La Paracha de Tetsavé est largement consacrée à la description des vêtements sacerdotaux, que portait le Cohen Gadol lors de son service au Temple. Ces détails, qui peuvent paraitre très techniques, sont en réalité extrêmement riches en enseignements. Notons d’abord que l’habit peut avoir deux fonctions. La première est la gestion du paraître, de l’image. En effet, les vêtements du Cohen Gadol devaient être à la hauteur de l’importance de sa fonction, ils devaient impressionner ceux qui les voyaient. C’est ce que le passouk donne comme première raison de ces habits : « lekavod ouletiferet », « pour l’honneur et pour la gloire » (Chemot, 28, 2). Mais la seconde fonction des habits, et celle qui va principalement nous intéresser dans le cadre de cette étude, est d’instiller en celui qui les porte un certain sens de ses responsabilités, pour qu’ils l’inspirent et l’aident à agir en conséquence. Ce rôle est décrit dans le passouk qui suit immédiatement : « lekadecho oulekahano li », « pour le consacrer et qu’il exerce son pontificat pour Moi » (Chemot 28, 3).

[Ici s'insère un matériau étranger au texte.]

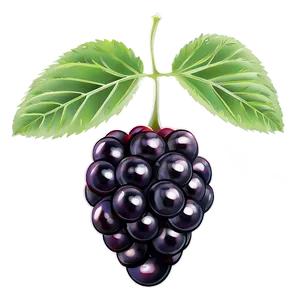 Sour Blackberry Fruit Png Snr67 PNG Image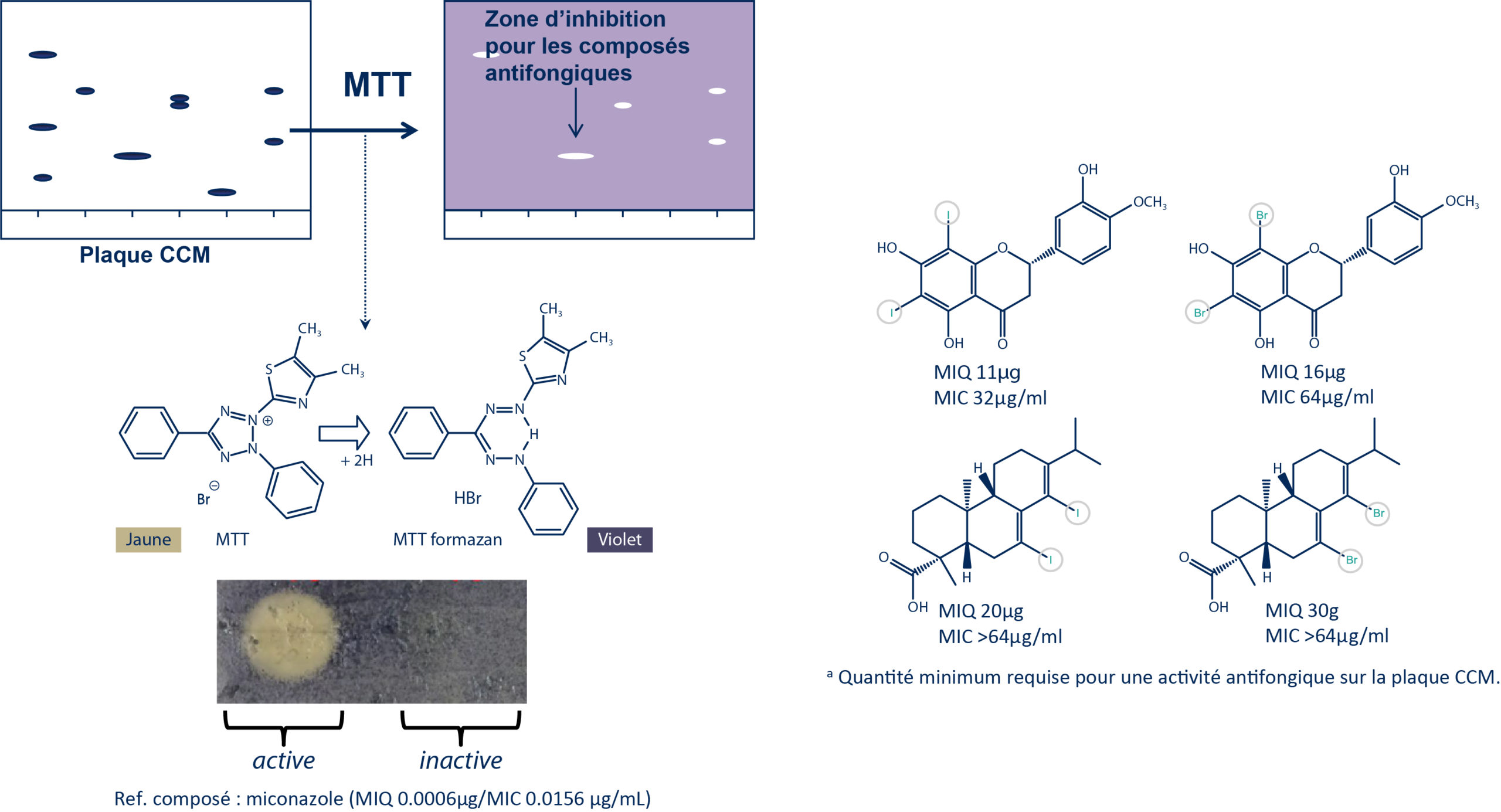 Essai de bioautographie antifongique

Parmi les huit habits du Cohen Gadol, deux se distinguent par le fait qu’ils contiennent les noms des fils d’Israel, des douze tribus : le Ephod (sorte de tablier à bretelles), dont les bretelles étaient assorties de pierres au niveau des épaules où étaient gravés les noms des douze tribus, ainsi que le ‘Hochen (pectoral), qui était lui porté sur le cœur. Les noms des bené Israel étaient donc portés par le Cohen Gadol de deux manières différentes : sur l’épaule « Aharon portera leurs noms devant Hachem sur ses deux épaules en souvenir » (Chemot, 28, 12) et sur le cœur « Aharon portera les noms des fils d’Israël sur le pectoral du jugement, sur son cœur, lorsqu’il viendra vers le sanctuaire, perpétuellement » (Chemot 28, 29).

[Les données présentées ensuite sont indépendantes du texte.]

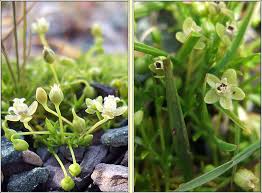 Attēlu rezultāti vaicājumam “Sagina procumbens flower”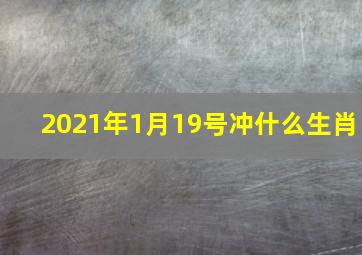 2021年1月19号冲什么生肖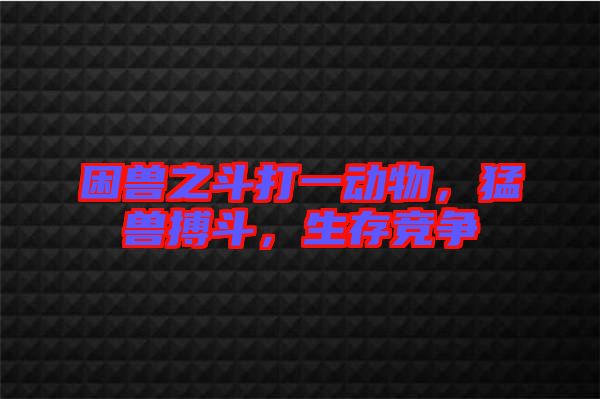 困獸之斗打一動物，猛獸搏斗，生存競爭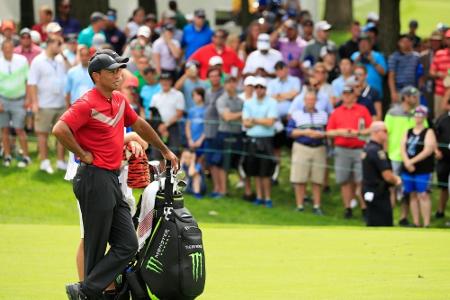 FedExCup: Woods verpasst Qualifikation für Saisonfinale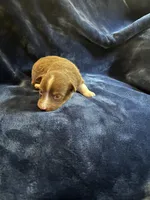 processed/7cf67842-c864-4c0f-b169-261d33b2c3ab/listing/3eb6aa2e-cb9e-4cc9-accd-8566ca833697/31e41c1a-86b9-4443-9dee-01811f7252f1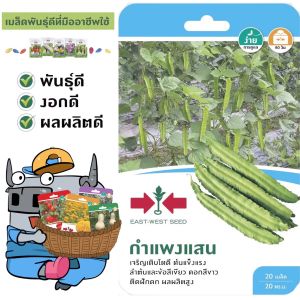 SORNDAENG 🇹🇭 ผักซอง ศรแดง S069# ถั่วพู กำแพงแสน F1 เมล็ดพันธุ์ ถั่ว เมล็ดพันธุ์ลูกผสม เมล็ดพันธุ์ผัก ผักสวนครัว เมล็ดพันธุ์ ผักศรแดง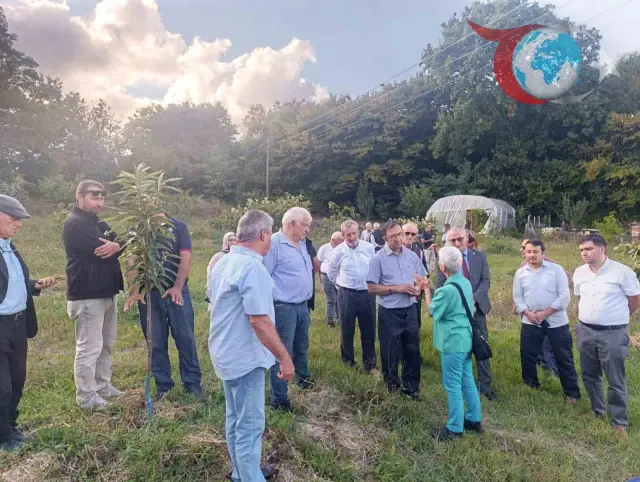 Sinop'ta Kestane Balının Geleceği Konuşuldu: Stratejik Değer ve Sorunlar
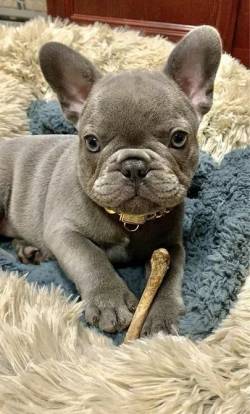 Bulldogue Francs Roendo O Osso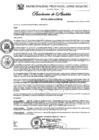 Vista preliminar de documento Nº 512-2024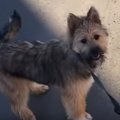 犬好きのあまりに鏡…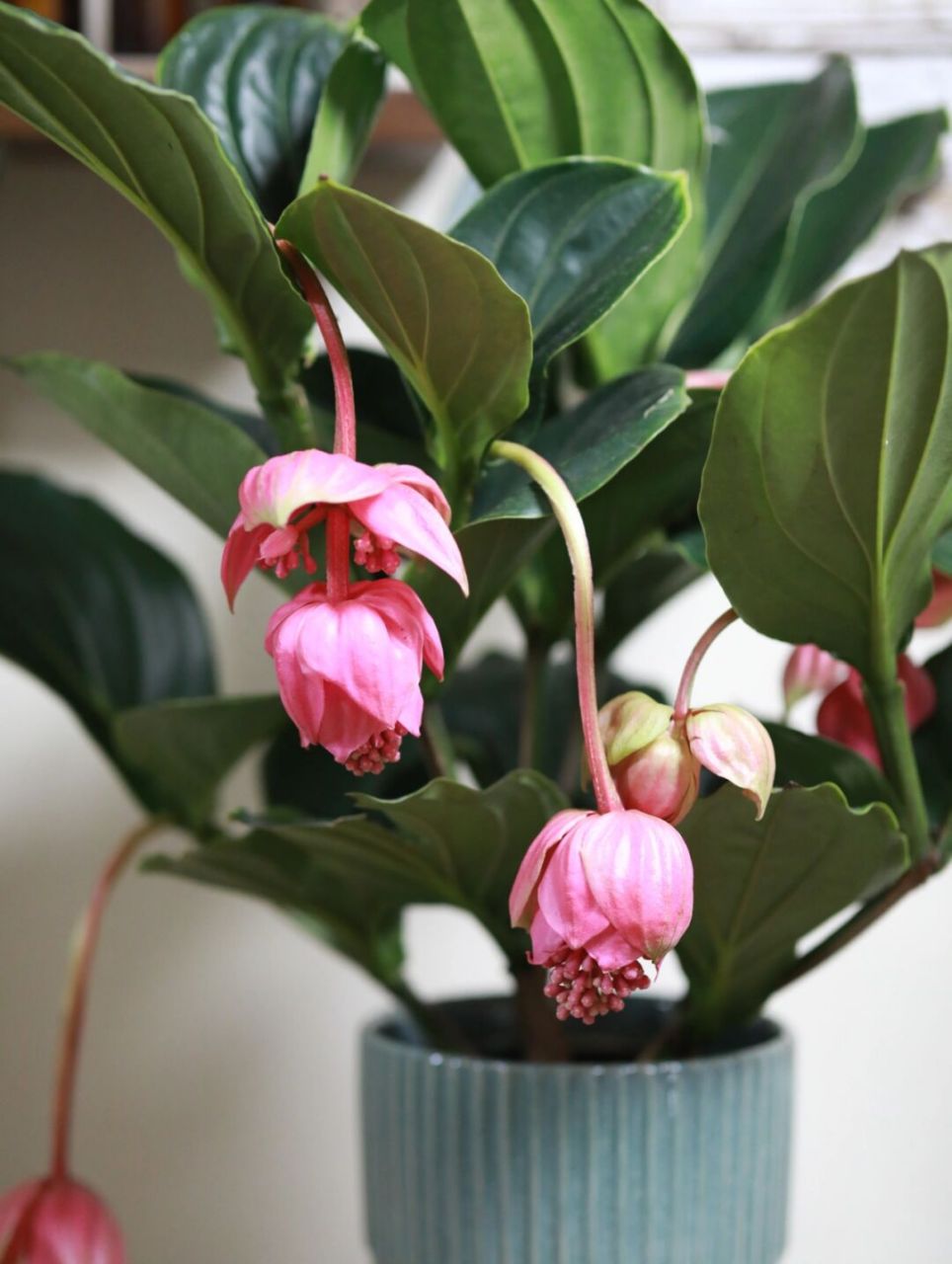 荷兰进口宝莲灯养护大全来啦 开花绿植中的爱马仕,花期待机时间超长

La symbolique de ces vêtements sur lesquels sont inscrits les noms des bené Israel est claire : le Cohen Gadol doit constamment se rappeler qu’il a un rôle d’une importance cruciale, celui de plaider pour ses frères auprès d’Hachem, de prier pour eux, pour leurs besoins collectifs et individuels. Cette responsabilité est immense. A titre d’exemple, la Guemara (Makot) nous apprend que s’il arrive un homicide involontaire, c’est le Cohen Gadol qui est indirectement responsable de l’accident puisqu’il aurait dû prier pour que cela n’arrive pas. Ces inscriptions sur ses habits doivent donc le stimuler, pour qu’il fasse siens tous les besoins des membres du peuple juif, jusque dans les moindres détails. On comprend alors assez aisément qu’ils soient sur son cœur, le centre des émotions. Le Cohen Gadol doit ressentir une grande proximité affective avec ses frères qu’il représente. Mais pourquoi doivent-ils également être inscrits sur ses épaules ?

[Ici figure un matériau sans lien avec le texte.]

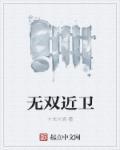 无双近卫套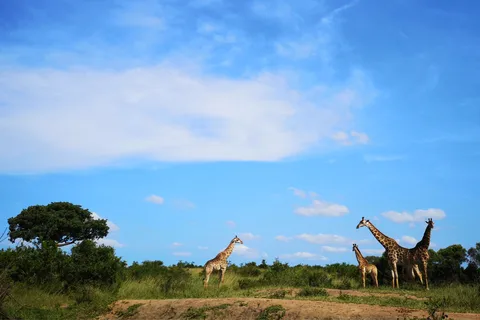 Durban: Hluhluwe Big 5 Safari with Pro Zeiss Binoculars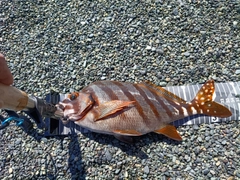 タカノハダイの釣果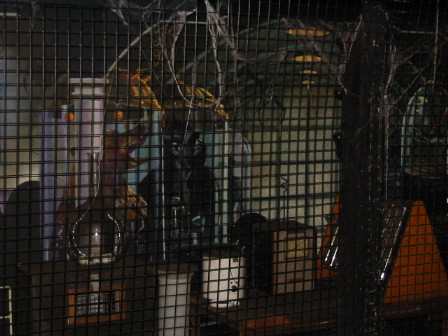 Dexters Evil Laboratory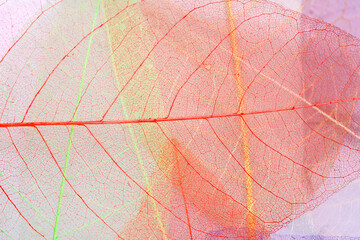 Fototapeta na wymiar Skeleton frame leaf abstract background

Rav Aharon Lopiansky (cité par Rav Eli Pielet) fait remarquer qu’il y a deux façons de porter un objet lourd et encombrant : soit en le tenant par les bras, soit en le chargeant sur ses épaules et en l’y liant tel un fardeau. Les deux ont un avantage et un inconvénient. Lorsqu’on porte dans les bras, l’avantage est la grande flexibilité : je peux à tout moment déposer l’objet et le reprendre. Mais ce mode de transport est moins efficace que le port sur les épaules, qui permet, lorsque l’objet est correctement lié, d’utiliser tout son corps pour porter l’objet plus efficacement, mais qui a un inconvénient : une fois la charge attachée à l’épaule, il m’est moins facile de la décharger et de la reprendre.
L’épaule représente l’engagement. Rav Yossef Salant (le Beer Yossef) rappelle que la Guemara (Meguila 8a) dit que celui qui a pris sur lui un Neder (un vœu contraignant) est comparé à quelqu’un qui aurait chargé la chose sur ses épaules. L’épaule est donc toujours liée à l’idée de contrainte, mais pas nécessairement dans un sens négatif : c’est justement en s’engageant, en agissant par obligation, qu’on peut développer des forces que l’on n’aurait pas pu espérer trouver dans le cadre d’une relation simplement affective et spontanée. Le Cohen Gadol doit certes se sentir proche des Bené Israël, les porter sur son cœur. Mais cela ne suffit pas, cela risque d’être intermittent et insuffisant : il faut aussi que cette proximité soit assortie d’un sens aigu de la responsabilité, représenté par les épaules. Plus encore, lorsque la Torah (Chemot 29,5) nous décrit dans quel ordre le Cohen Gadol devait s’habiller, il est précisé que le Ephod (et ses bretelles) devait être revêtu avant d’y fixer le ‘Hochen (pectoral). C’est donc que ce sentiment de proximité d’avec ses frères qu’il porte sur son cœur, doit être généré et augmenté par le fait qu’il est engagé envers eux, qu’il les porte sur les épaules. Lorsqu’il prie pour eux, ce n’est pas simplement par générosité, mais aussi parce qu’il le leur doit. Il ne leur rend pas un service, il est à leur service. C’est ce sens de l’engagement qui fait qu’il peut leur donner beaucoup plus, tout en laissant parler son cœur. Et ainsi, en les portant sur l’épaule, il peut les porter encore mieux sur son cœur.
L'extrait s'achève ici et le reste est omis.